Time series revisted (2)
Yesterday I wrote about the challenge of calculating YTD on a sparse dataset. Even in these days of low cost storage I can not justify the vast amount of additional storage required to persist a YDT figure for each sale of a product + customer pair for all available days; true we would only need YTD figures from the first sale of a pair, missing records implying a zero YTD value. Simplistically, we need a query of the form:
SELECT D.YTD_DATE, SUM(S.SALES_VALUE) YTD_SALES_VALUE FROM SALES_SUMMARY S, DATE_DIMENSION D WHERE S.SALES_DATE between D.FIRST_DATE_OF_YEAR and D.YTD_DATE GROUP BY D.YTD_DATEThe BETWEEN predicate could be replaced by an in list or we could replace the dimension table altogether with a pipelined function to generate the dates to be aggregated. But between is simpler to code and performs well. However this query is only applicable for total sales of "all products" to "all customers", adding extra dimensions increases the number of columns in the select and the group by. Adding the extra dimensions has two significant effects: it increases the amount of data that Oracle needs to manipulate in the query, and, because we are now referencing all of the dimensions at the lowest child levels, it inhibits query rewrite.
Another approach for YTD calculation is to calculate the sum of the individual dates' sales. This approach is especially viable in OLAP environments that have access to 'moving total' functions (I have used this approach with Oracle Sales Analyzer and that functionality is still available in Oracle OLAP). The downside of the 'sum of sums' method is that it can be hard to set-up in user query tools such as Business Objects, especially if you are using Oracle query rewrite to control summary usage.
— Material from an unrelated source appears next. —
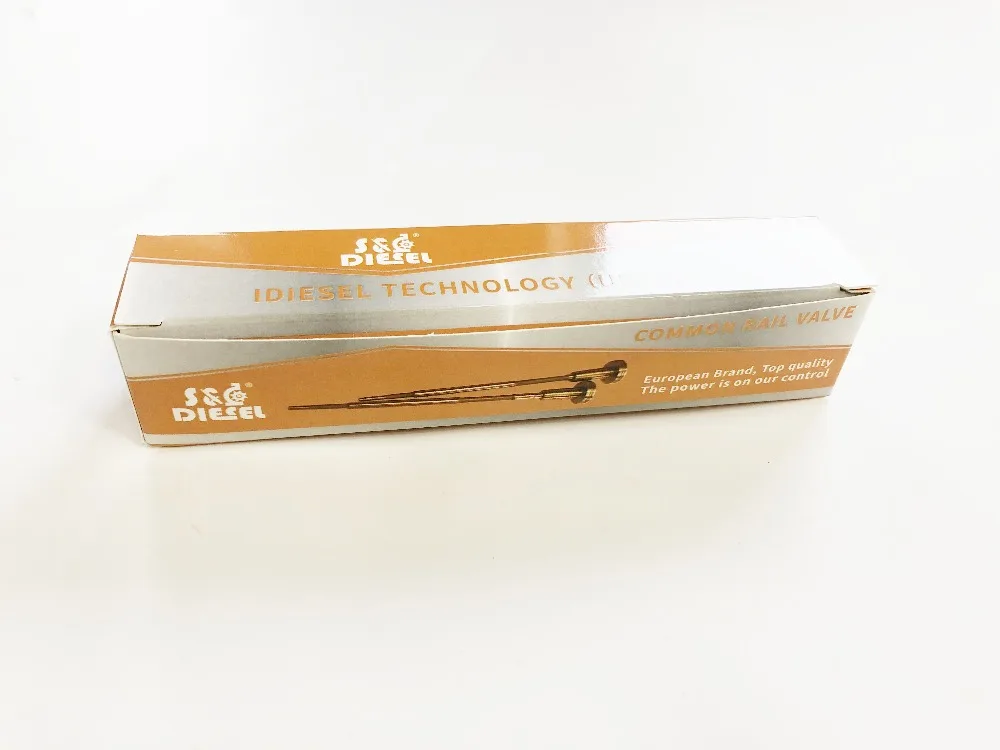 Специальная цена! Ограниченное предложение по времени Common Rail клапан F00VC01317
For a recent customer demonstration I had to set up YTD functionality in Oracle BI suite EE. The underlying database exposed a single low level table for the sales summary and used query rewrite to select the best match summary for the query. At first, setting up YTD measures that still allowed query rewrite seemed too much of challenge. But in the end I implemented a very simple solution. I created a new physical table in the Siebel Administration tool as a select statement; this is functionally similar to a database view except it does not exist in the database! The definition joined my SALES data source and my date source and included all of the dimension keys in the select but only the time series key in the group by. This is then mapped into the logical layer as a further source to the sales fact table and new measure columns created for the YTD totals. These YTD measures are in turn is published to the presentation layer. This is surprising performant in the Answers tool, high level queries such as "what is my total sales value this year hit" suitable aggregates and when people drill down to how many video cameras were sold in Slough in the first 11 weeks of the year then the bitmap indexing reduces the result set size to manageable proportions.